Segment results are as follows.

[Information System Segment]

In the second quarter in this business field, “VEGASIA III” CR units, whose security functions continue to be highly rated, and “BiGMO PREMIUM II” and “REVOLA” information terminals for fans, which continue to be installed in major companies, performed much better year-on-year. This was in spite of fewer new store openings and major renovations, the limiting of withdrawal deadlines to the end of the year due to certification expiration of the main pachislot models, and difficult market conditions that continue to suppress the appetite for capital investment.

The replace to “X (Kai)” AI hall computers also progressed steadily.

As a result, in this business field we recorded sales of ¥14.908 billion (34.6% up YoY) and a segment profit of ¥2.309 billion (65.0% up YoY).

[Control System Segment]

In the second quarter in this business field, conditions were difficult as profits fell significantly. While sales of control units and parts for pachinko machines used with major titles were favorable, sales of display units declined year-on-year.

As a result, in this business field we recorded sales of ¥3.75 billion (18.2% up YoY) but a segment loss of ¥66 million (compared with a segment profit of ¥335 million in the previous fiscal year).

(Note) Above figures for each segment include the amounts of inter-segment transactions.

Explanation of Financial Position

Regarding our total assets at the end of the second quarter, tangible fixed assets and intangible fixed assets fell due to reduced inventory assets and reduced accounts receivable accompanying the collection of proceeds from development, and substantial depreciation costs of fixed assets. However, cash and deposits were up due to favorable sales. As a result, our total assets were ¥43.888 billion, an increase of ¥159 million from the previous consolidated fiscal year.

Our liabilities at the end of the second quarter were ¥13.522 billion, ¥309 million less than at the end of the previous fiscal year. Accrued corporation taxes went up due to positive operating results, but R&D expenditure and software related accounts payable went down.

Our net assets at the end of the second quarter were ¥30.366 billion, ¥468 million higher than at the end of the previous fiscal year. Earned surplus increased because appropriated quarterly net income attributable to parent company shareholders was greater than dividend payments. Shareholders’ equity ratio was 69.2% (0.8 points up from the end of the previous fiscal year).

Explanation of Earnings Forecast such as Consolidated Business Results Forecast

Results in the second quarter of the current fiscal year were favorable compared with initial forecasts, but the full-year results forecast figures remain as they were at the start of the fiscal year.

The information systems business is expected to remain strong in the second half of the year, but in the control systems business the outlook remains unpredictable.
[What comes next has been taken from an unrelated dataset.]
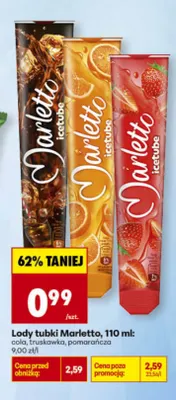 Lody tubki Marletto truskawka promocja w Biedronka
For example, sales of display units for our company’s pachinko machines will be impacted by the replacement of old-regulation pachislot machines, whose certification will expire, with new-regulation models. Taking these circumstances into account, there has been no revision of our full-year results forecast announced on May 14, 2019.

If a revision is required in future, it will be released promptly.